Vegetarianism is a healthy bet

Robyn Goodman

When I tell people I am a vegetarian, the most popular response I get is rolled eyes and a sigh. I’m automatically put into the category of a crazy, preachy person whose goal in life is to rid the world of all the evil meat-eaters, but that is not my style. I only wish to educate people on the benefits of adapting a meat-free diet.

Friday, Oct. 1 was World Vegetarian Day, which was the beginning of Vegetarian Awareness Month. This day was founded by the North American Society in 1977 in order to commemorate the health benefits of vegetarianism. Instead of ranting about how pigs and cows have feelings, I’m going to take another approach and show you the nutritional and environmental benefits of vegetarianism.

From the beginning of time, man has eaten meat as a basic way of life, but with all of the new diets that have come out in the past few years, vegetarianism is one that has actually taken off and become more than just a fad.

By definition, a vegetarian is someone living on a diet of grains, pulses, nuts, seeds, vegetables and fruits with or without the use of diary products and eggs. There are many types of vegetarians, from pescetarian, which include people who do not eat animal flesh of any kind, but are willing to consume fish, to vegans who exclude all animal products from food to clothing.

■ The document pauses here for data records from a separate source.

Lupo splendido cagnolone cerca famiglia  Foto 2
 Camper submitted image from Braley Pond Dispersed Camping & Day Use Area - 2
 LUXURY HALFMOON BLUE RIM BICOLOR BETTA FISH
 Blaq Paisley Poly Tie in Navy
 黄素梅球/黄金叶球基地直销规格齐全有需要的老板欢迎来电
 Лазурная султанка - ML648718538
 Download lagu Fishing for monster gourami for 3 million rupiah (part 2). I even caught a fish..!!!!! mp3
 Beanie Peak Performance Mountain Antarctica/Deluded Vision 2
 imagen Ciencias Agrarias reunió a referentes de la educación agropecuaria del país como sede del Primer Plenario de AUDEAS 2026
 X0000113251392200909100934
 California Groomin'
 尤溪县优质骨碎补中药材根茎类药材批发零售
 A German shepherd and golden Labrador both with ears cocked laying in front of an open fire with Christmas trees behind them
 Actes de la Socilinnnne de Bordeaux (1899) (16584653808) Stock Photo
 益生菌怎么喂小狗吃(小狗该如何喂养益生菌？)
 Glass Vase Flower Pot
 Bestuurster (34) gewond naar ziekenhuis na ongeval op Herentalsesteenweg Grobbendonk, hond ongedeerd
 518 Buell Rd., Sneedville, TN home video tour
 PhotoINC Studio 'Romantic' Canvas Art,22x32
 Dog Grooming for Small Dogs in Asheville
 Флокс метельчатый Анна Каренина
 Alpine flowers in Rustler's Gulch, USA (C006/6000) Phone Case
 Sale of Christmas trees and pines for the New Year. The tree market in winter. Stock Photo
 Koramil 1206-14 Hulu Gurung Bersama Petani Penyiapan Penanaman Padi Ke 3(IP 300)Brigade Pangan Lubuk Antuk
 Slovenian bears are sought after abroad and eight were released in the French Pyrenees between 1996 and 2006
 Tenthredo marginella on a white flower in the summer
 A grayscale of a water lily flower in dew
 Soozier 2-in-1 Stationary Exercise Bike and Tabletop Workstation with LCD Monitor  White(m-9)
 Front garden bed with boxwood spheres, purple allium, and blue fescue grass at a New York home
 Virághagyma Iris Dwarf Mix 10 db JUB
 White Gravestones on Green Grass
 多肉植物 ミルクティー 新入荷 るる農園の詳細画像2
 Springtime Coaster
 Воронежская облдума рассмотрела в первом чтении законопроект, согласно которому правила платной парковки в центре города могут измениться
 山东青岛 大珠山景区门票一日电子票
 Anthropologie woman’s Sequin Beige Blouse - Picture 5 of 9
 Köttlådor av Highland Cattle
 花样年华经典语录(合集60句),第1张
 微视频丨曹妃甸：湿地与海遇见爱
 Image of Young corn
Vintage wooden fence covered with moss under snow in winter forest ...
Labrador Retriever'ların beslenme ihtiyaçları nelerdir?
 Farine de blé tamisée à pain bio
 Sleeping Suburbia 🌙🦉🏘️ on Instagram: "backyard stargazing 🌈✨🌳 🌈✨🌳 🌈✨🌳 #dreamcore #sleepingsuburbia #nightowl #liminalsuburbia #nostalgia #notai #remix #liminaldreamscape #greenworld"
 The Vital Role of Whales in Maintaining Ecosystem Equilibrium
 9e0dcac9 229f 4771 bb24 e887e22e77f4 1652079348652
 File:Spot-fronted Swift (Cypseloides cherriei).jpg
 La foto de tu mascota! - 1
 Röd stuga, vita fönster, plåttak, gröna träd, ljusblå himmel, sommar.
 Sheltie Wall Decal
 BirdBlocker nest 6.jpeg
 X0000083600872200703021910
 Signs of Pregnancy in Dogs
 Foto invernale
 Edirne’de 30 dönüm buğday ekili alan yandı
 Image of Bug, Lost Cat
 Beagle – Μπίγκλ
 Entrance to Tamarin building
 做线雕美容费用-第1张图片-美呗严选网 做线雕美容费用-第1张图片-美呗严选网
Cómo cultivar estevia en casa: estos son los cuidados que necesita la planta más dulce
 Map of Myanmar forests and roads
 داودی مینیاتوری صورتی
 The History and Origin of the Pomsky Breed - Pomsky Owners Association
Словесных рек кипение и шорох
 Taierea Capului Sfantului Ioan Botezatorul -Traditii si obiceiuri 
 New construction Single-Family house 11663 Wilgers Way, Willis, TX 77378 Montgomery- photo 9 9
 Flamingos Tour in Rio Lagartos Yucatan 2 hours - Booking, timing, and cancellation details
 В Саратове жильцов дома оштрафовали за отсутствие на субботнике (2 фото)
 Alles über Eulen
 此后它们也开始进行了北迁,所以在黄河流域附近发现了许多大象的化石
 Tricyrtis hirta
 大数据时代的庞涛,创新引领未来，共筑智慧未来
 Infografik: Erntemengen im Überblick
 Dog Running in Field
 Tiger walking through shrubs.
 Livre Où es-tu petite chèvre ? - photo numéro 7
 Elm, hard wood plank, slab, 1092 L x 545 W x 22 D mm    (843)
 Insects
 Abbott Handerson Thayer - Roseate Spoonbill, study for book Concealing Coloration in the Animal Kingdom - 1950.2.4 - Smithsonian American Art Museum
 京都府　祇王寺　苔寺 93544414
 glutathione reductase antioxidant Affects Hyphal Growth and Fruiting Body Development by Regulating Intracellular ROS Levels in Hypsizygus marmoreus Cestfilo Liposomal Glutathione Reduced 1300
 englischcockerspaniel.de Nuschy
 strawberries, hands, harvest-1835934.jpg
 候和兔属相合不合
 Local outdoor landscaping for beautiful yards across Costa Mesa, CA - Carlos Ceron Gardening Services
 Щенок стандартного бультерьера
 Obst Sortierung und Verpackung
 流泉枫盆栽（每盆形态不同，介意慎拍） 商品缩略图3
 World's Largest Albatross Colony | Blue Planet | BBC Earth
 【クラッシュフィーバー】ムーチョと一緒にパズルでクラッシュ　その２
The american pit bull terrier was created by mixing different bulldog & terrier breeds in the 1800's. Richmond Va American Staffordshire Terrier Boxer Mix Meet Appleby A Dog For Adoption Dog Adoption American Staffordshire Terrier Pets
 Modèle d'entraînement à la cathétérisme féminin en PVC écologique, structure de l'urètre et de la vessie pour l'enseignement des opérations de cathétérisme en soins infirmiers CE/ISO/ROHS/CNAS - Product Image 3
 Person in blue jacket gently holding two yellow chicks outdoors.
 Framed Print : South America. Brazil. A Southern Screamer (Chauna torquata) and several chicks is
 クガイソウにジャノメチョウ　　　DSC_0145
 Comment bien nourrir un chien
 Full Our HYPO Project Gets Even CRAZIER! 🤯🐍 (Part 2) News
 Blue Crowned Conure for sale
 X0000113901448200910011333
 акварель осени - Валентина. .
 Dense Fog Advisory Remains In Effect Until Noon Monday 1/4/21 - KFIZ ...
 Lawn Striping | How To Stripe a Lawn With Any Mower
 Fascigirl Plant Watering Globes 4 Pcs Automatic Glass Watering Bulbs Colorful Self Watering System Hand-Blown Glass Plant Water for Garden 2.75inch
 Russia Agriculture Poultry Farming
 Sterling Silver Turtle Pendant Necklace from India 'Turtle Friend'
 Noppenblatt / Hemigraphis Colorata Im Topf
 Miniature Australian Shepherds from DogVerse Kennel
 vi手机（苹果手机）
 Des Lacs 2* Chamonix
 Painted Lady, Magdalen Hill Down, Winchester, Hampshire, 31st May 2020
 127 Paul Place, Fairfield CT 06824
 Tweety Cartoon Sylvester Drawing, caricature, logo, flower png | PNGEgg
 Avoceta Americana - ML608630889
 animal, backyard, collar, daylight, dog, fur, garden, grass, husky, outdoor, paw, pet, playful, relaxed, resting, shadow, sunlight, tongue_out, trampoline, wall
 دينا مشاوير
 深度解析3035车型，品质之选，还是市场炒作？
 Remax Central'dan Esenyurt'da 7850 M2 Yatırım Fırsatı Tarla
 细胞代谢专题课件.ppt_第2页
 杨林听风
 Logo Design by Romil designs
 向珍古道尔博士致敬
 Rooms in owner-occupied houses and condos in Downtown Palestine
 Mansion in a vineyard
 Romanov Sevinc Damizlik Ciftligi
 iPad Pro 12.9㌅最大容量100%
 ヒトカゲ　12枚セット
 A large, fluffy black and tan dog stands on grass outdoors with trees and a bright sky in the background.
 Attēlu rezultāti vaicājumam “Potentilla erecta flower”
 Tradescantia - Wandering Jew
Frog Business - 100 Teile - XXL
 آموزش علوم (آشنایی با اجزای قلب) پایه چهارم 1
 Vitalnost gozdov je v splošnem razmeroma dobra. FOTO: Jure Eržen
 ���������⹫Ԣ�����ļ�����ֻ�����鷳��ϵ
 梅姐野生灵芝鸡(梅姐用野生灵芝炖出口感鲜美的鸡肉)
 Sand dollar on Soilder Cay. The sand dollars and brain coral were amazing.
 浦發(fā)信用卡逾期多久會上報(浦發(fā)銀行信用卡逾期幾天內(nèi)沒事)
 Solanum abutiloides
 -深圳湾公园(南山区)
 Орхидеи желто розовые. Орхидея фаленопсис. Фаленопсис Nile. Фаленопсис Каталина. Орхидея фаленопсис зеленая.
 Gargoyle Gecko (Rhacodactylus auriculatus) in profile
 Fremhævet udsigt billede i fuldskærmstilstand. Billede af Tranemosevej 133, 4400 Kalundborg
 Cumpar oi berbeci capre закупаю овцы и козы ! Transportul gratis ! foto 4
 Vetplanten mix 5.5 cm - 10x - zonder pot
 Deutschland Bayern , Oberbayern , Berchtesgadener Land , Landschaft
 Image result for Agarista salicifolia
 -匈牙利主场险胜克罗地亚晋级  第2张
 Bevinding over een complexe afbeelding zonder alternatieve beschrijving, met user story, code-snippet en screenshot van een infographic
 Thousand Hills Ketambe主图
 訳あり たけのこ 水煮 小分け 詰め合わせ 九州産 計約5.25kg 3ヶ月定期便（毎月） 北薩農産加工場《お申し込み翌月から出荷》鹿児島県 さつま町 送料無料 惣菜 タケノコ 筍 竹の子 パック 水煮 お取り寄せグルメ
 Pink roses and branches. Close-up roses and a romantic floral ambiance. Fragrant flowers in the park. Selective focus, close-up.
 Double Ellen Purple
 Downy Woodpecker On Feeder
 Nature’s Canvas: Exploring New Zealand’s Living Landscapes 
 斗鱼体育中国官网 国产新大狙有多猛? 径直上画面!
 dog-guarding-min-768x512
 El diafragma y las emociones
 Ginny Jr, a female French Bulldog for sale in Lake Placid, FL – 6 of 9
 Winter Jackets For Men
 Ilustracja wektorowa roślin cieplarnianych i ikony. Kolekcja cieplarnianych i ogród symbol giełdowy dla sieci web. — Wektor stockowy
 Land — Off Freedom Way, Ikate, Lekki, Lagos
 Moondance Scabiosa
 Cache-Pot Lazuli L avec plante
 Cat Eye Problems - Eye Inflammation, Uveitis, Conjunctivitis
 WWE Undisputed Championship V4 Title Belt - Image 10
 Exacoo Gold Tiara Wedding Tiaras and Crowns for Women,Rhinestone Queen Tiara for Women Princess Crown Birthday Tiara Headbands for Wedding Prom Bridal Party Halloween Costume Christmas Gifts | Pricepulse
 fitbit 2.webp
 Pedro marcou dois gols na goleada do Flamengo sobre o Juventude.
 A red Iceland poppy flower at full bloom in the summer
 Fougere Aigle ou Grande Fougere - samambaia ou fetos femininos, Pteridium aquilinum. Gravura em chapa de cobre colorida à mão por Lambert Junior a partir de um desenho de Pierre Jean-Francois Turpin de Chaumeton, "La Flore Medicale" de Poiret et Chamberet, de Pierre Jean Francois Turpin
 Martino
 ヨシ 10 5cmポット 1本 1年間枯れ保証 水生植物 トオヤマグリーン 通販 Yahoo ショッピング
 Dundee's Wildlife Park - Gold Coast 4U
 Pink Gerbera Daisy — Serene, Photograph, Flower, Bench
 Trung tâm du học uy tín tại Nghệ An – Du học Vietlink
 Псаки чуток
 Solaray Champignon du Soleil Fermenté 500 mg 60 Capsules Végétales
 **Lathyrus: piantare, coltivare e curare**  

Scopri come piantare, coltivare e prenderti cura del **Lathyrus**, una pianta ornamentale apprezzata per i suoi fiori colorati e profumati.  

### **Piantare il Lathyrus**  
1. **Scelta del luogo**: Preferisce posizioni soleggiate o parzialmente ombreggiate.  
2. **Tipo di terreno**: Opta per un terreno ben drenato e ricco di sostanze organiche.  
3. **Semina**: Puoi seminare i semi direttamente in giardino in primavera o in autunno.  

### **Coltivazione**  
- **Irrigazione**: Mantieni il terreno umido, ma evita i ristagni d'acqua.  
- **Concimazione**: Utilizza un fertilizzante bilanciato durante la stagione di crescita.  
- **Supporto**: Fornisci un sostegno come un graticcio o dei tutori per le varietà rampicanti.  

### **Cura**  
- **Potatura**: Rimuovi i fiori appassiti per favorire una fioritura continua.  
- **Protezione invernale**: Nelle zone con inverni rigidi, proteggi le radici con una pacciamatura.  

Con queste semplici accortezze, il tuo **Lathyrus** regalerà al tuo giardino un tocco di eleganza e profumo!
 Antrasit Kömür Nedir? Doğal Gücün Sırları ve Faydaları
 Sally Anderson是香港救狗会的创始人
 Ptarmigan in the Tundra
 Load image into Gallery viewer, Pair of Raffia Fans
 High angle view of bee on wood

There are many benefits of not eating meat, one of which is living a longer life. According to the China Health Project, which is the largest population study on diet and health, people whose diets do not contain meat live about seven years longer than those whose diets do contain meat. Meat contains cholesterol, which when consumed in large amounts clogs arteries and leads to health problems.

The EPA estimates that nearly 95 percent of pesticides that Americans consume come from meat, fish and dairy products. The animals that are used for food are usually pumped full of steroids and antibiotics to produce more meat. Exposure to antibiotics over time can lead antibiotic resistance, so when a person gets sick, harsher antibiotics must be used to cure the infection.

Aside from the nutritional benefits, being a vegetarian has an environmental impact. Animals create waste, which causes methane gas which, in turn, contributes to the greenhouse effect. The manure created by the animals is on the EPAs list of the country’s top 10 pollutants. All that for the porterhouse steak you like to eat. Do you want to be responsible for the hole in the ozone layer becoming larger?

Of course there are some disadvantages of vegetarianism, one of which can be the lack of the proper vitamins and minerals. Meat is a great source of protein, and without that a person can experience fatigue and mood swings due to fluctuating blood sugar levels. Another disadvantage of vegetarianism is the tendency to consume unhealthy foods. Becoming a vegetarian does not mean eating all the pasta your heart desires, unfortunately. Fruits and vegetables must make up a majority of a vegetarian diet, hence the name.  While these disadvantages may seem like they outweigh the benefits, if you eat a balanced vegetarian diet, you can get even more vitamins from fruits and vegetables than meat. It’s all about moderation.

While becoming a vegetarian may seem like a difficult task, it is becoming easier than ever. Every day there are more meatless options for vegetarians. Restaurants are changing with the times and offering more than just salads for vegetarians.

So when you’re craving a hamburger, reach for a veggie burger instead. It may not be the exact same thing, but trust me, they’re really not that bad.